* **Work request**: Only the pictures are to be dropped; return all other data below exactly.

* **Recorded information**:
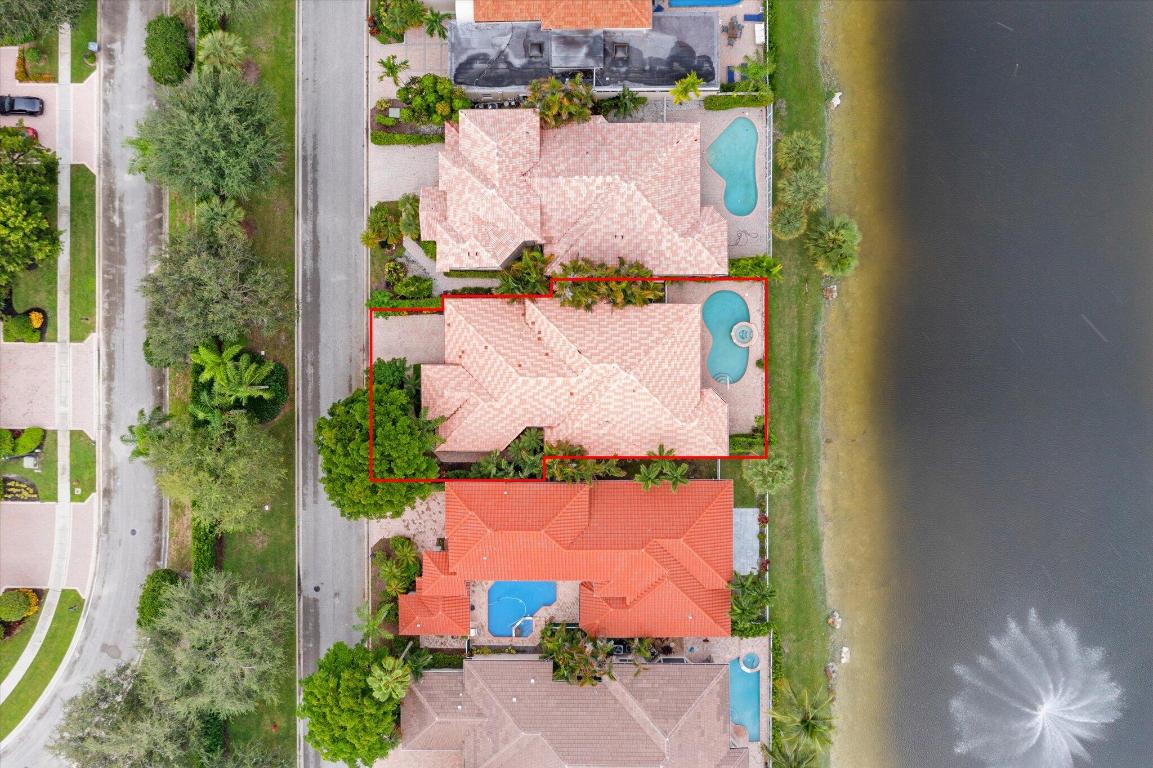ISLAND IN THE GROVE - Residential Lease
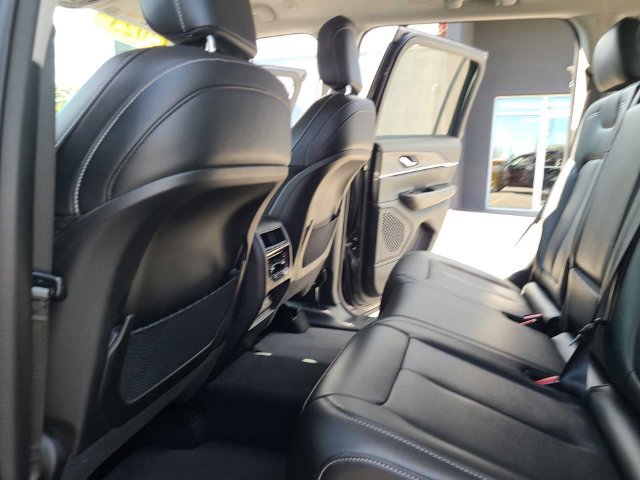 Used 2023 Jeep Grand Cherokee Limited AWD/4WD image 24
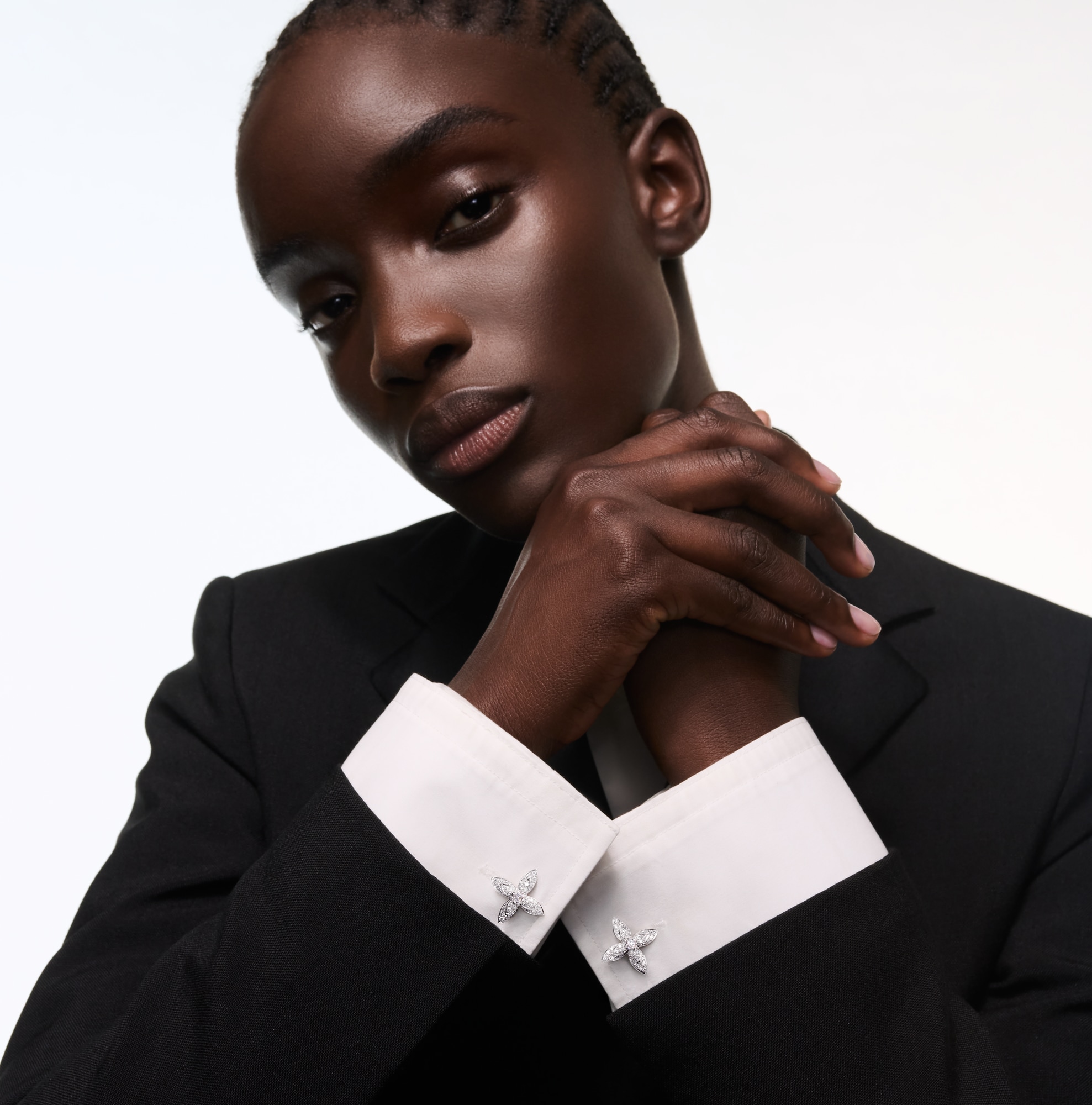  주얼리 귀걸이 이딜 블라썸 (Idylle Blossom) 커프 링크스, 화이트 골드와 다이아몬드 | 루이비통 공식 온라인 스토어® (크게 보기)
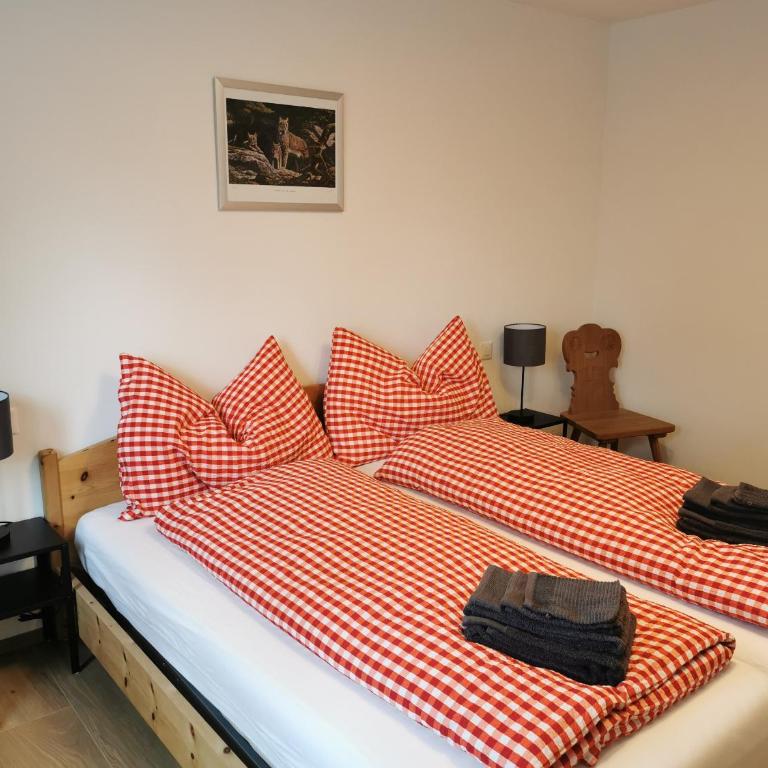 Ferienwohnung Pontresina - Chesa Andrea - Gartensitzplatz - Apartment mit 3 Schlafzimmern - 17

* **Solution for this problem**:
ISLAND IN THE GROVE - Residential Lease
 Used 2023 Jeep Grand Cherokee Limited AWD/4WD image 24
  주얼리 귀걸이 이딜 블라썸 (Idylle Blossom) 커프 링크스, 화이트 골드와 다이아몬드 | 루이비통 공식 온라인 스토어® (크게 보기)
 Ferienwohnung Pontresina - Chesa Andrea - Gartensitzplatz - Apartment mit 3 Schlafzimmern - 17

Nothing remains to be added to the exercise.